■ Task statement ■
Pictures aside, every line of the listing should be given again exactly.

■ Collected material ■
※ ※ ※

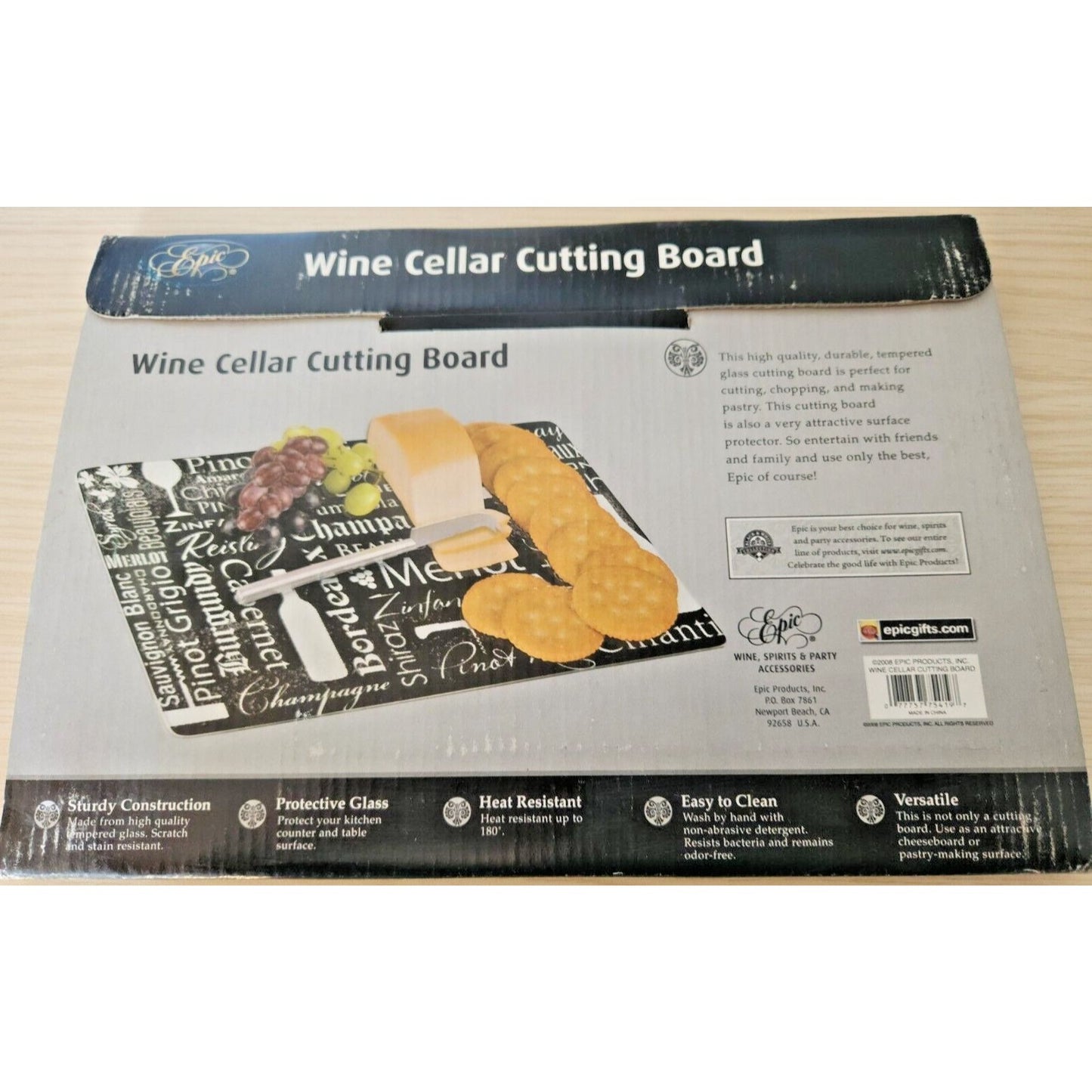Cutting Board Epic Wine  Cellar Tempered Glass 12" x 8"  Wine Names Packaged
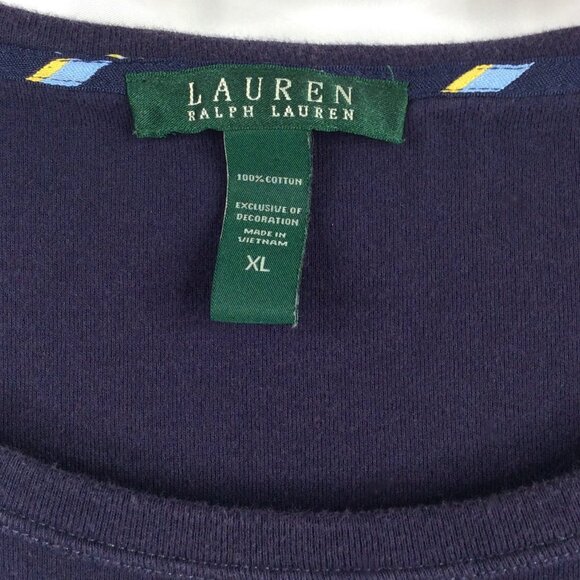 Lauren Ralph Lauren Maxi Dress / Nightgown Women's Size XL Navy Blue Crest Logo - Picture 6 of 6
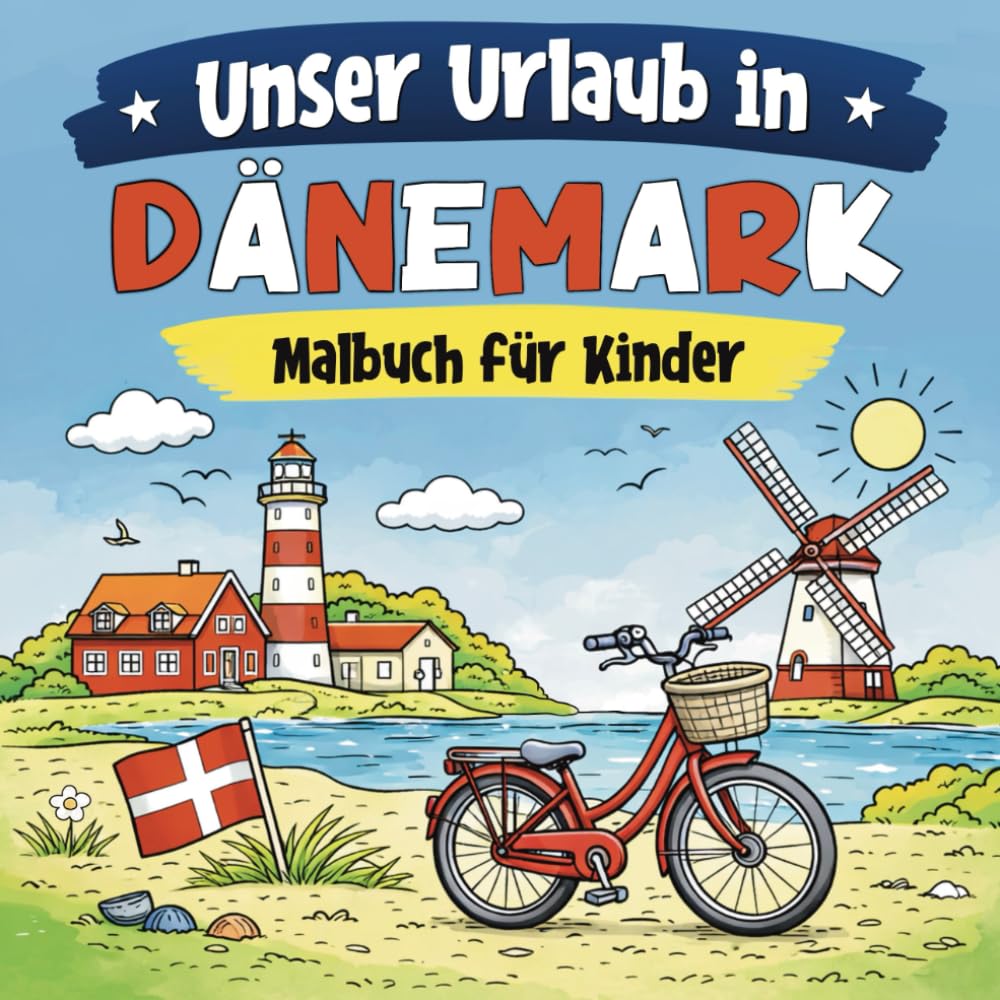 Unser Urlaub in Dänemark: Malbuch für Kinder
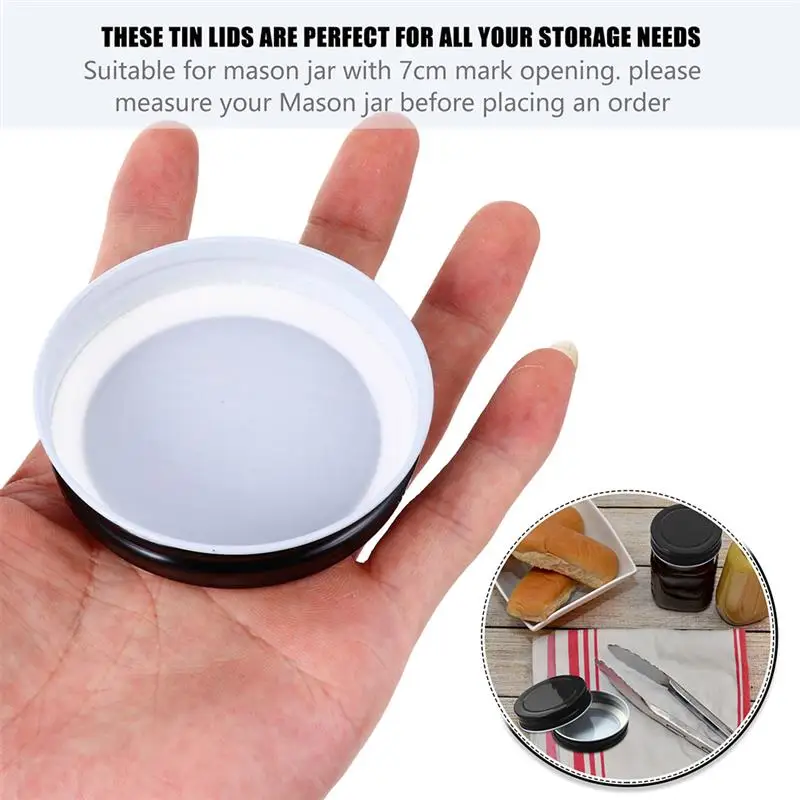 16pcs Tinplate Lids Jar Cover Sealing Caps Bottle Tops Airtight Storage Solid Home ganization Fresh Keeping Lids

※ ※ ※

■ Written reply ■
Cutting Board Epic Wine  Cellar Tempered Glass 12" x 8"  Wine Names Packaged
 Lauren Ralph Lauren Maxi Dress / Nightgown Women's Size XL Navy Blue Crest Logo - Picture 6 of 6
 Unser Urlaub in Dänemark: Malbuch für Kinder
 16pcs Tinplate Lids Jar Cover Sealing Caps Bottle Tops Airtight Storage Solid Home ganization Fresh Keeping Lids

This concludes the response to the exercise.